Annual report pursuant to Section 13 and 15(d)

Income Taxes

v2.4.0.6
Income Taxes
12 Months Ended
Mar. 31, 2012
Income Taxes  
Income Taxes

7. Income Taxes

        ASC 740, Income Taxes clarifies the accounting for income taxes by prescribing a minimum recognition threshold that a tax position is required to meet before being recognized in the financial statements. ASC 740 also provides guidance on derecognition, measurement, classification, interest and penalties, accounting in interim periods, disclosure and transition. Based on management's evaluation, the total amount of unrecognized tax benefits related to research and development credits as of March 31, 2012 and 2011 was $2.1 million and $2.0 million, respectively. There were no interest or penalties related to unrecognized tax benefits as of March 31, 2012 or March 31, 2011. The amount of unrecognized tax benefits that, if recognized, would affect the effective tax rate as of March 31, 2012 and March 31, 2011 was $2.1 million and $2.0 million, respectively. However, this impact would be offset by an equal increase in the deferred tax valuation allowance as the Company has recorded a full valuation allowance against its deferred tax assets because of uncertainty as to future realization. The fully reserved recognized federal and state deferred tax assets related to research and development credits balance as of March 31, 2012 and 2011 was $9.1 million and $9.0 million, and $7.9 million and $7.6 million, respectively.

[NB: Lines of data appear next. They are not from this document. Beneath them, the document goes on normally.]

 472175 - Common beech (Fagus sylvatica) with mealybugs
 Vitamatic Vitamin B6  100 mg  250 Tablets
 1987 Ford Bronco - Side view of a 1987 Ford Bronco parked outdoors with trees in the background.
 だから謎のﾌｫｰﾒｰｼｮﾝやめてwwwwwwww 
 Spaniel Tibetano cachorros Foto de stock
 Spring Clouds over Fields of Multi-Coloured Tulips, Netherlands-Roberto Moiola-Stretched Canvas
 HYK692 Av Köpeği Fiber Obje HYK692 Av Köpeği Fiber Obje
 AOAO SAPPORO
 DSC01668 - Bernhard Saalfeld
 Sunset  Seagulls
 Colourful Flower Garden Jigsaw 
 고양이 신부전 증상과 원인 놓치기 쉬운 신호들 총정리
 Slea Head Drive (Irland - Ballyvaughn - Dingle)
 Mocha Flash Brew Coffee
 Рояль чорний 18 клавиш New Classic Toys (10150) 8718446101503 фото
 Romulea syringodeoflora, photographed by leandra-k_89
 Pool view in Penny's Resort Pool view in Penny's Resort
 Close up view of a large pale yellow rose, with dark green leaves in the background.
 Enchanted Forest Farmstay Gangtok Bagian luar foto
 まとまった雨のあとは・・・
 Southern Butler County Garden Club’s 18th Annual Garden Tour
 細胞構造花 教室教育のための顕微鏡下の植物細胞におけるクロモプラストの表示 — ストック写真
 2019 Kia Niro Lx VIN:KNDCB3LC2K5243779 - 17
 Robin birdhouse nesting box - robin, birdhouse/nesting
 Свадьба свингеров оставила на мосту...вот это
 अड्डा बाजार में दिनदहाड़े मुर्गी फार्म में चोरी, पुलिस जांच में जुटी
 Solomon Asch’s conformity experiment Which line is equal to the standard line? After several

        A reconciliation of the beginning and ending amount of total gross unrecognized tax benefits is as follows (in thousands):

Balance at March 31, 2009

  $ 1,375  

Gross increase related to prior year tax positions

    325  

Gross increase related to current year tax positions

    106  

Lapse of statute of limitations

     
       

Balance at March 31, 2010

  $ 1,806  

Gross increase related to prior year tax positions

     

Gross increase related to current year tax positions

    167  

Lapse of statute of limitations

     
       

Balance at March 31, 2011

  $ 1,973  

Gross increase related to prior year tax positions

     

Gross increase related to current year tax positions

    175  

Lapse of statute of limitations

     
       

Balance at March 31, 2012

  $ 2,148  
       

        The Company files income tax returns in the U.S. federal jurisdiction and various state, local and foreign jurisdictions. With few exceptions, the Company is no longer subject to U.S. federal, state, local or non-U.S. income tax examinations by tax authorities for the years before 2008. However, net operating loss carryforwards remain subject to examination to the extent they are carried forward and impact a year that is open to examination by tax authorities. The Company's evaluation was performed for the tax years which remain subject to examination by major tax jurisdictions as of March 31, 2012. The Company settled its Internal Revenue Service audit of its U.S. federal tax return for the fiscal year ended March 31, 2010 during the third quarter of the fiscal year ended March 31, 2012, with no findings that resulted in a change to the Company's financial statements. When applicable, the Company accounts for interest and penalties generated by tax contingencies as interest and other expense, net in the statements of operations.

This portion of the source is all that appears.